H1 2025 earnings summary
26 May, 2026Executive summary
Operating cash flow reached NZ$81 million in 1H FY25, with NZ$34.3 million used to reduce net debt, and a 10% return on capital employed achieved despite challenging economic conditions.
Revenue declined 12.6% year-over-year to NZ$493 million, with EBITDA down 30.5% to NZ$56.9 million and NPAT down 64.8% to NZ$9.2 million.
Interim dividend declared at 2.5 NZ cents per share, fully franked/imputed, reflecting lower earnings.
Active trading accounts and broad customer base maintained, with expansion into aluminum and new geographies and five new hybrid sites implemented.
Challenging trading conditions persisted in both Australia and New Zealand, with New Zealand in recession and Australia below trend growth.
Financial highlights
Revenue: NZ$493 million, down 12.6% YoY; sales volume: 109,217 tonnes, down 8.3% YoY; gross margin: 35.2%, slightly down YoY.
EBITDA: NZ$56.9 million, down 30.5% YoY; EBIT: NZ$32 million, down 46% YoY; NPAT: NZ$9.2 million, down 64.8% YoY; EPS: 7.0c, down from 19.9c.
Operating cash flow: NZ$80.7 million, down 23.4% YoY; adjusted cash conversion: 60%.
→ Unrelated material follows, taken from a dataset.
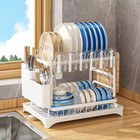 Over Sink Dish Drying Rack 2-tier Stainless Steel Kitchen Shelf Cutlery Drainer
Net bank debt reduced by NZ$34.3 million to NZ$241.5 million since June 2024.
Capex steady at NZ$14 million for the half; annual guidance at NZ$25–30 million.
Outlook and guidance
New Zealand market expected to recover from Q2 or Q3 2025, with lower interest rates boosting confidence.
Australian Metals segment to remain steady; Queensland and Western Australia to outperform Victoria, where steel faces ongoing challenges.
Second half of FY25 expected to be seasonally weaker due to fewer trading days.
Dividend payout policy revised to 40–80% of NPAT, targeting 40–60% for FY25.
Commercial construction recovery expected in the second half; rural and export segments already improving.